DATA Start Marker

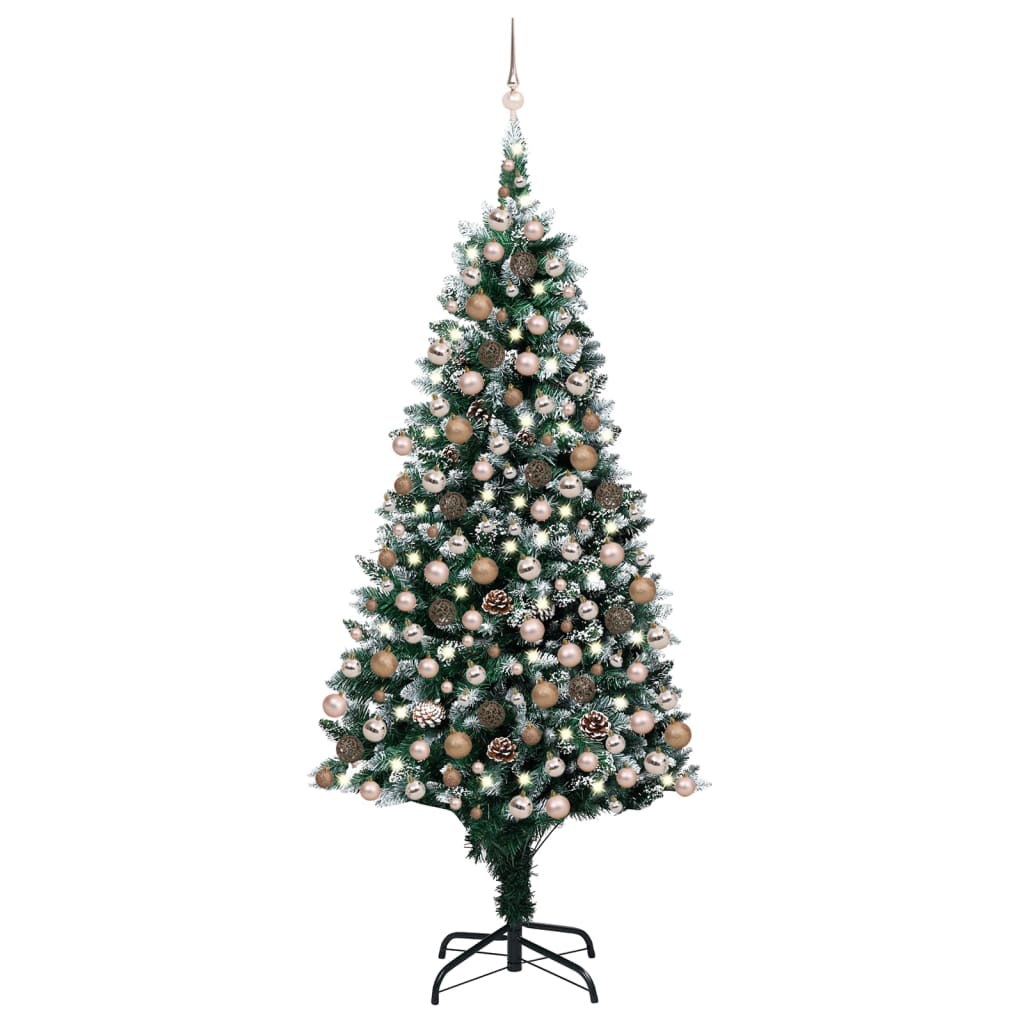 VIDAXL Künstlicher Weihnachtsbaum Mit Leds Kugeln Zapfen 240 Cm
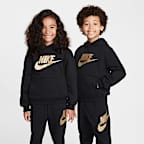 Sudadera con gorro para niños talla pequeña Nike Sportswear Club Fleece Pullover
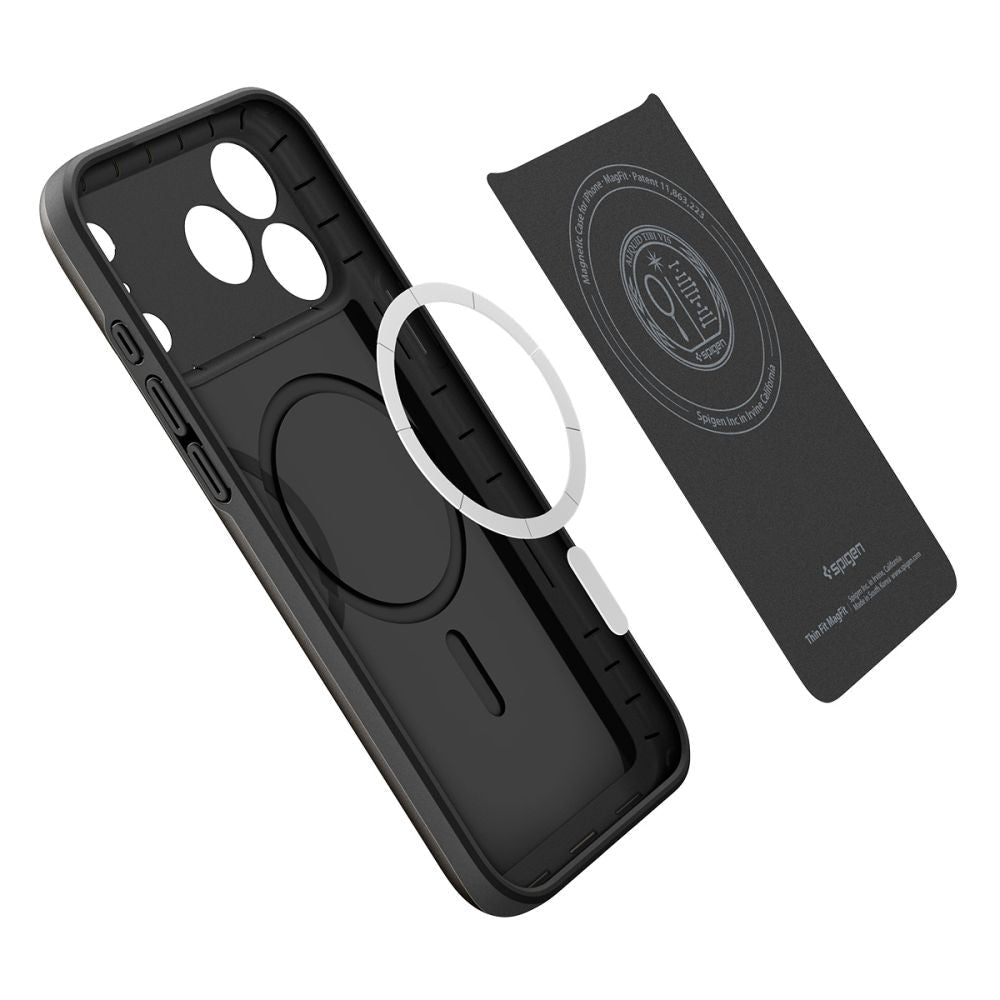Spigen iPhone 18 Pro / iPhone 17 Pro - Σκληρή Θήκη με MagSafe - Thin Fit Mag - Black
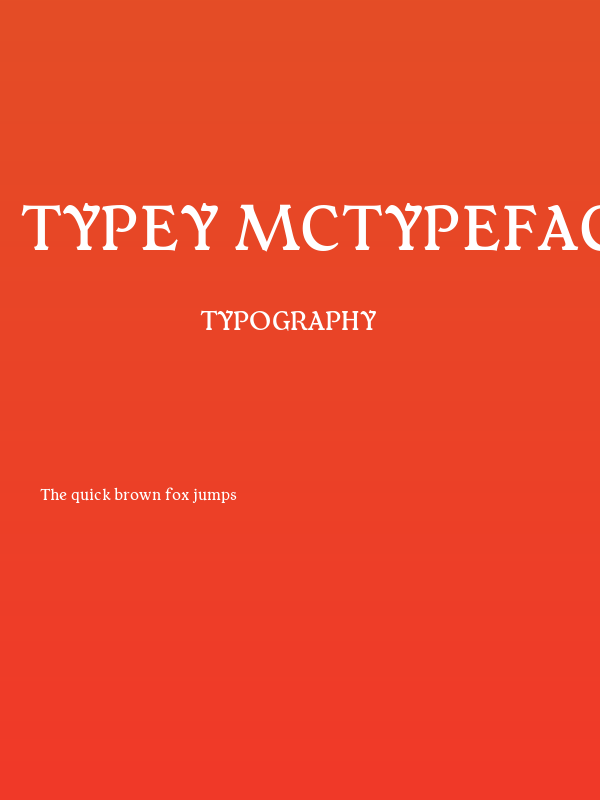 Typey McTypeface Poster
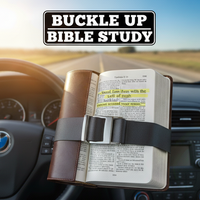Logo for Buckle Up Bible Study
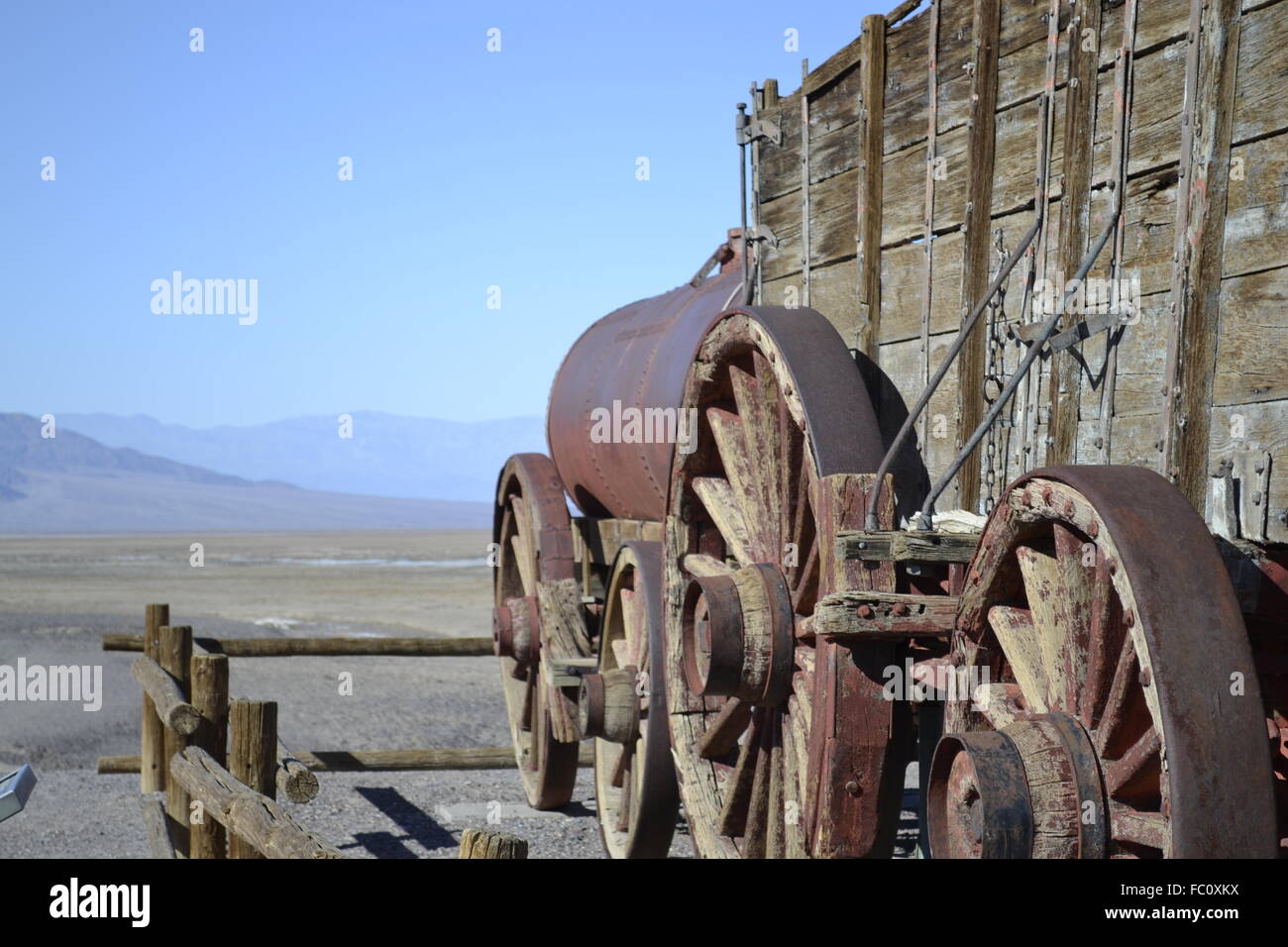 Treno per la horizont Foto Stock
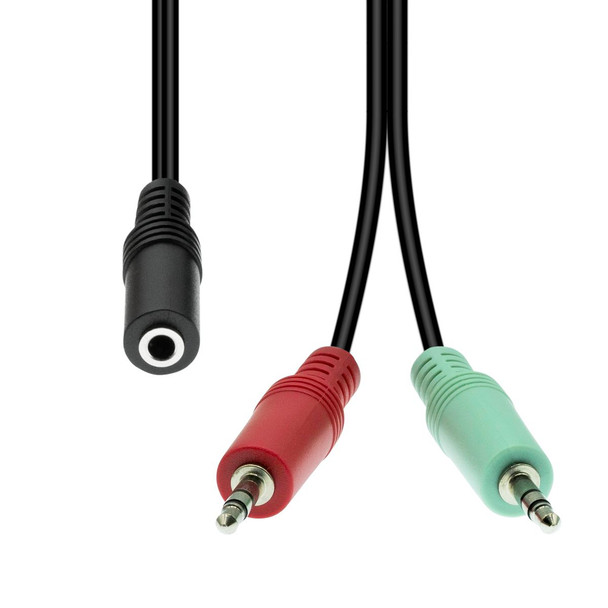 ProXtend M4F2XM3-004 4-Pin to 2x 3-Pin Cable F-M M4F2XM3-004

DATA End Marker

**YOUR TASK**:
The answer must be an exact copy of the lines from the one containing "Sudadera con gorro" through the last line of the records, and nothing else. Pictures do not belong in it.

**ANSWER TO THE EXERCISE**:
 Sudadera con gorro para niños talla pequeña Nike Sportswear Club Fleece Pullover
Spigen iPhone 18 Pro / iPhone 17 Pro - Σκληρή Θήκη με MagSafe - Thin Fit Mag - Black
 Typey McTypeface Poster
Logo for Buckle Up Bible Study
 Treno per la horizont Foto Stock
 ProXtend M4F2XM3-004 4-Pin to 2x 3-Pin Cable F-M M4F2XM3-004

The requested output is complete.